You need to agree to share your contact information to access this model

This repository is publicly accessible, but you have to accept the conditions to access its files and content.

Log in or Sign Up to review the conditions and access this model content.

MOSAIC Model Checkpoints

MOSAIC (Multimodal Optical Slide Analysis Including Comparisons) is a framework for training and inferencing vision-language models for computational pathology.
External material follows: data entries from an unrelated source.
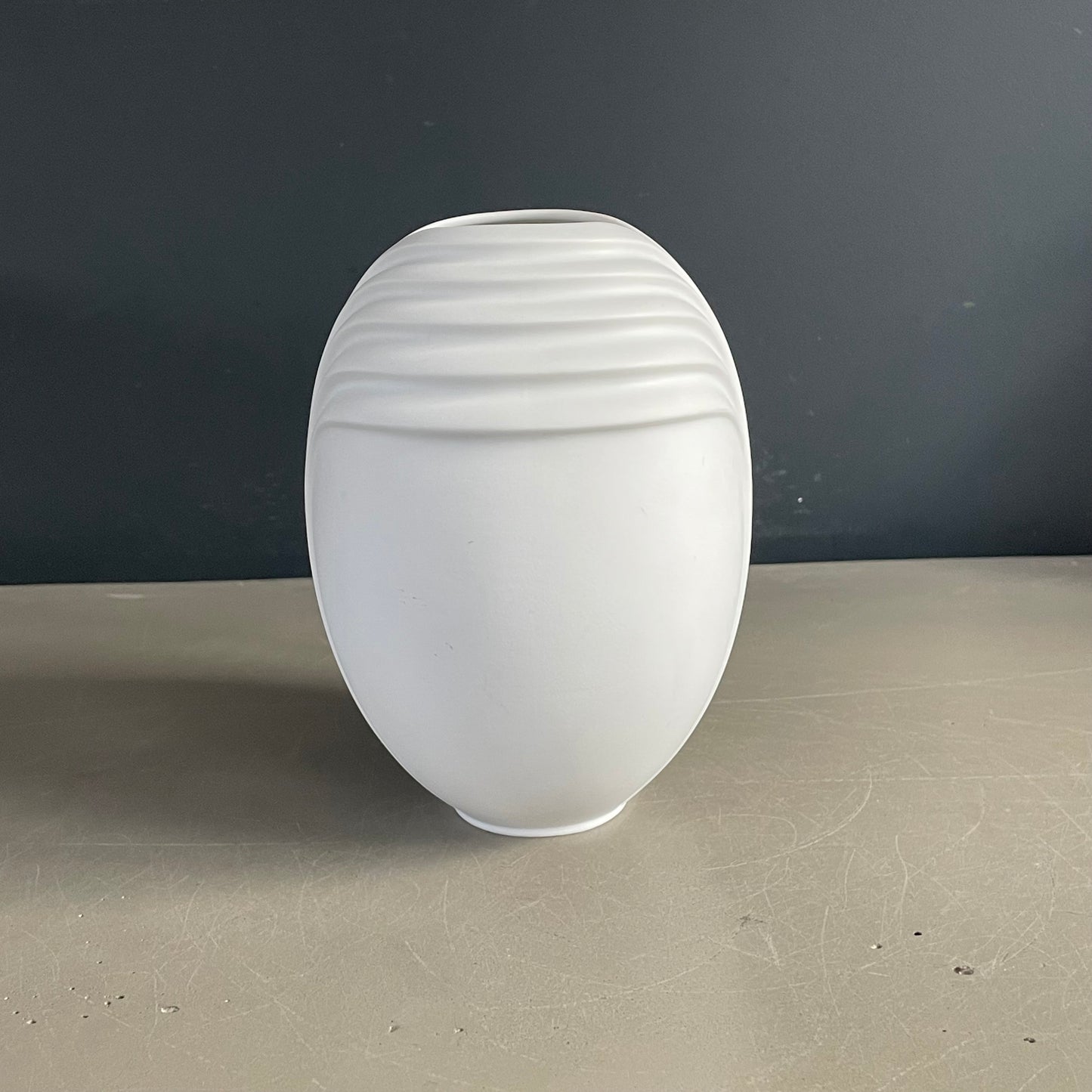 Vase en biscuit Rosenthal - Ref 1056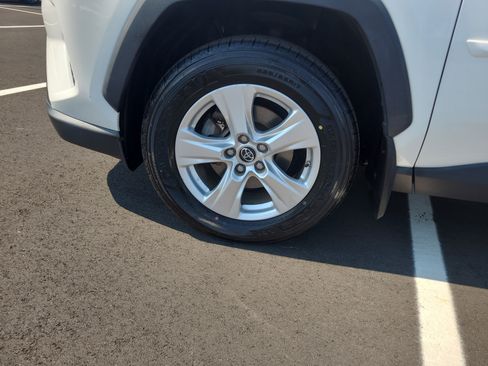 Certified 2019 Toyota RAV4 XLE w/ Convenience Package AWD/4WD image 9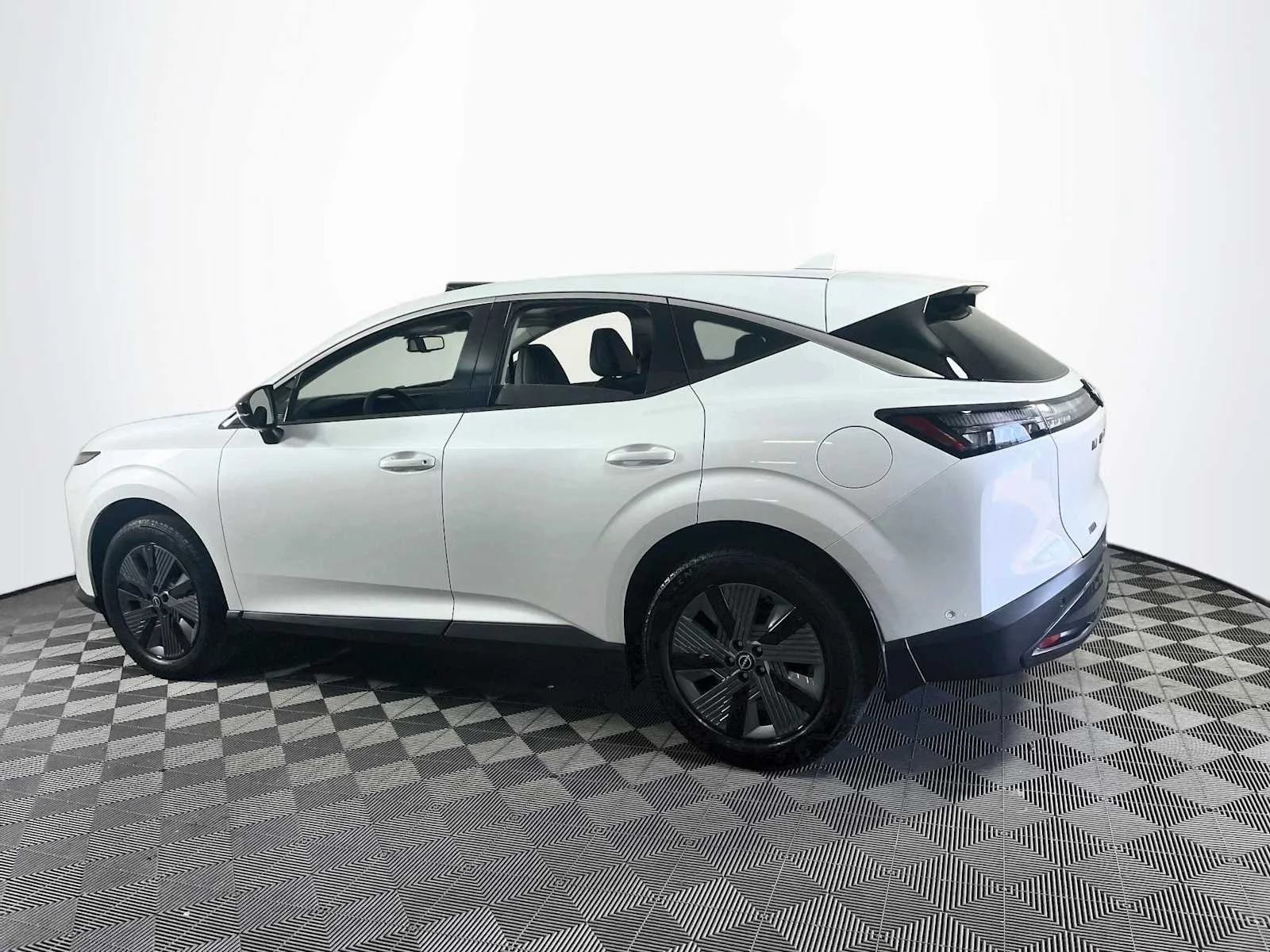 Certified Used 2025 Everest White Pearl Tricoat Nissan SL image 6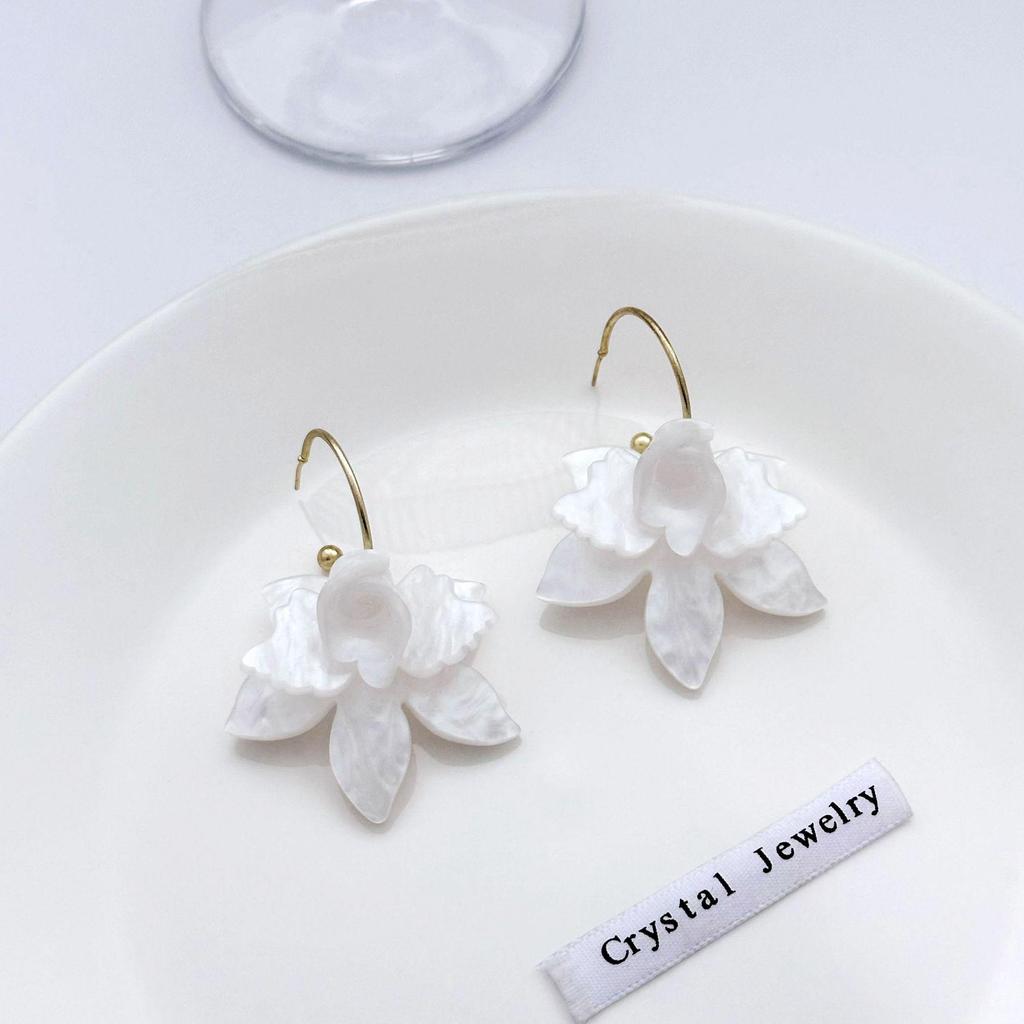 Gardenia White Coffee Petal Earrings - Silver, French Niche Design, Exquisite & Fairy-like.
These pre-trained models are from the paper "Pathology Report Generation and Multimodal Representation Learning for Cutaneous Melanocytic Lesions" by Lucassen et al. (2025), which was accepted at MICCAI 2025.

Model Variants

This repository contains three pre-trained model checkpoints:

  • mosaic-perceiver-biogpt-lora.pt - LoRA fine-tuned model (recommended for most use cases)
  • mosaic-perceiver-biogpt-frozen.pt - Frozen backbone model
  • mosaic-perceiver-biogpt-unfrozen.pt - Fully fine-tuned model

Quick Start

Installation

First, install the MOSAIC framework from the source repository:

git clone https://github.com/SanderMoon/MOSAIC.git
cd MOSAIC
pip install -e .
pip install git+https://github.com/salaniz/pycocoevalcap.git

Download Model Checkpoints

# Set your Hugging Face token (required for access)
export HF_TOKEN=your_huggingface_token_here

# Install huggingface_hub CLI
pip install huggingface_hub[cli]

# Download the LoRA model (change filename for other models)
huggingface-cli download SaltySander/MOSAIC checkpoints/mosaic-perceiver-biogpt-lora.pt --local-dir . --local-dir-use-symlinks False

Inference Example

from mosaic.model_factory import create_model, load_pretrained
import torch
import os

# Model configuration
model_name = "coca_stage_2_perceiver_lora_uni"  # Use appropriate config for your model
pretrained_path = "checkpoints/mosaic-perceiver-biogpt-lora.pt"
device = "cpu"  # or "cuda" if available

# Create model and tokenizer
model, tokenizer, amp, input_dtype = create_model(
    model_name=model_name,
    pretrained=None,
    precision="bf16",
    device=device,
    init_tokenizer=True,
)

# Load pretrained weights
load_pretrained(model, pretrained=pretrained_path, device=device)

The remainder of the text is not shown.